“Live” auction ring here to stay for breeding sales

There will always be a market for the “live” auction ring for breeding cattle, they told worried farmers.

An online meeting hosted by The Farmer Network, based in Penrith, took place after growing concerns from the farming community that they might not be allowed access to livestock auctions during the special annual sales in the fall months.

Currently, all auctioneers ask sellers to operate on a system called “drop and go”.

Buyers can still stand around the arena under strict distancing and movement rules, but sellers must put their cattle up for auction and leave immediately without entering the auction building.
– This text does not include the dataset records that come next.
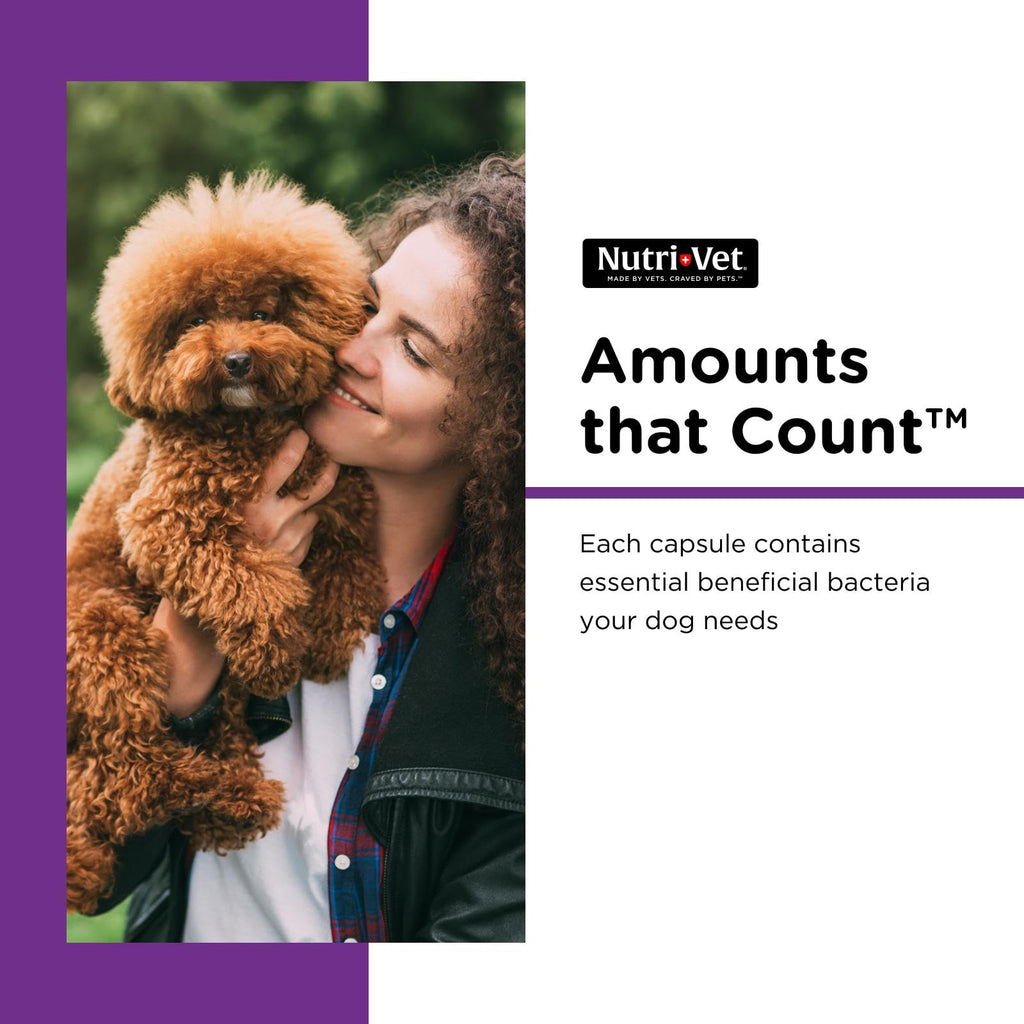 Probiotics for Dogs 60 Count R8122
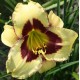 Hemerocallis 'El Desperado'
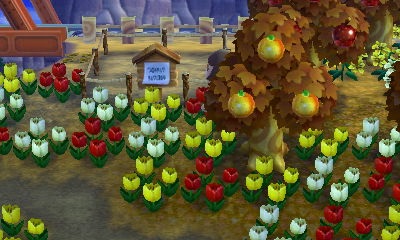 House plot for Doc or Erik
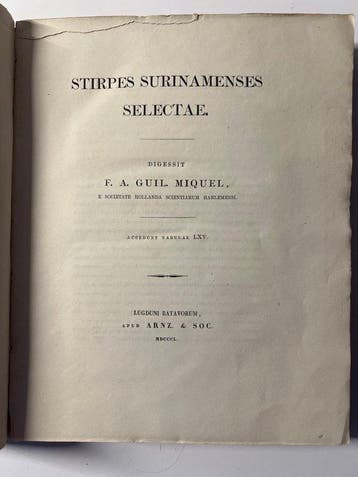 Friedrich A.W. Miquel - Stirpes Surinamenses selectae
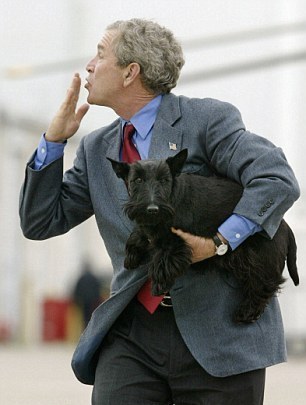 小布什愛犬、前美國“第一狗”巴尼去世 曾遭普京揶揄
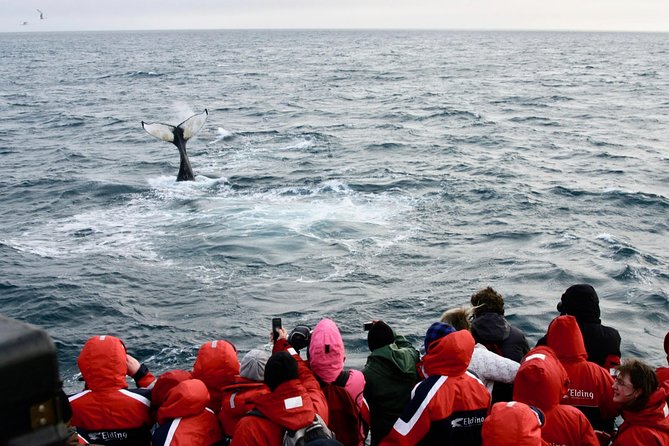 The Original Classic Whale Watching from Reykjavik - The Wildlife Exhibition adds context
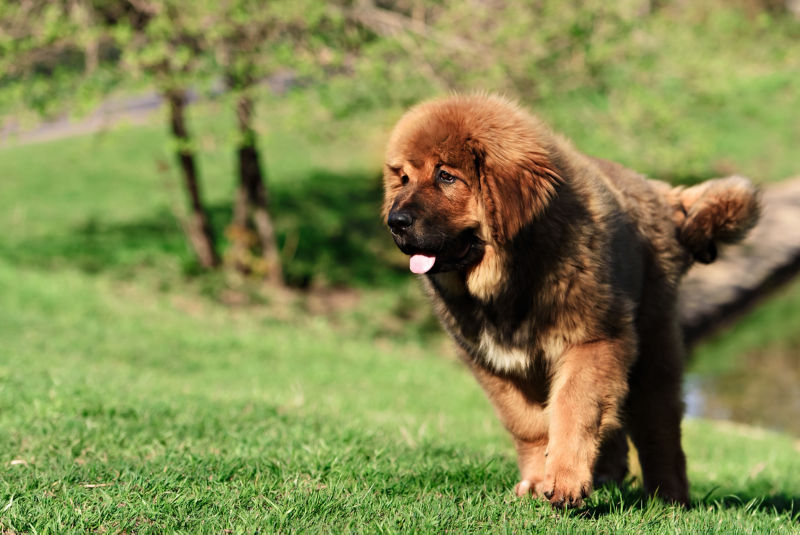 how big can a tibetan mastiff get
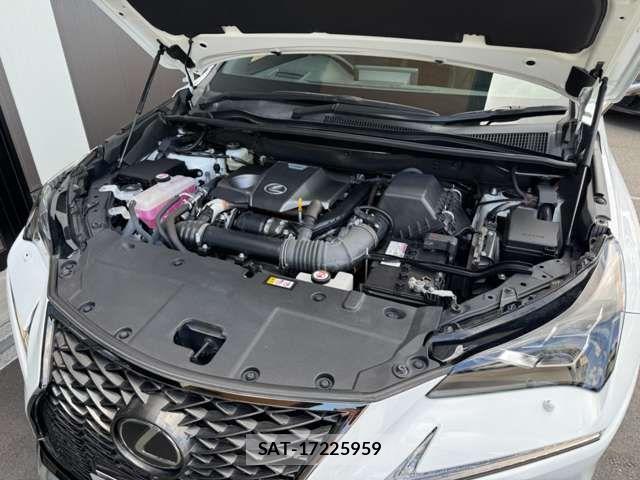 Lexus NX 2020-11 8366752-15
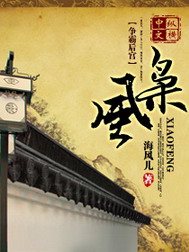 《枭风》（校对版全本）作者：海风儿 百度云txt全集下载 封面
Chris Dodds, Executive Secretary of the Livestock Auctioneers Association, gave the 30 farmers an overview of the discussions and negotiations with Defra, and the need for auctioneers and farmers to work together, taking great care going forward. to respect social distancing rules when entering livestock markets. .

Ted Ogden, CCM Markets Auctioneer, Skipton, assured farmers that everything will be done to ensure buyers and sellers can safely enter the market in the future.

The company was also exploring new horizons with live streaming, timed auctions and other online sales.

Glyn Lucas, pedigree dairy auctioneer at H&H Group, said he was convinced that the “live” ring would always be the primary sales platform for breeding cattle.

However, its recent online sales during the Covid 19 epidemic had gone well, especially in the dairy sector.

“It’s a new environment and it will take some getting used to, but it has a sure future,” Glyn said.

Sarah Alderton from Penrith wondered if auctioneers can provide advice and support to sellers on how to properly photograph and display animals for online catalogs, as this is a core skill for do well and give buyers confidence.

Richard Betton of Upper Teesdale feared a second peak in the virus would have serious implications for the fall sales program, which was essential for farming communities across the country.

Andrew Wright, of Mitchells Auction Mart in Cockermouth, said he believes auctioneers need to work together at the local level to ensure there is minimum disruption and consistent working practices.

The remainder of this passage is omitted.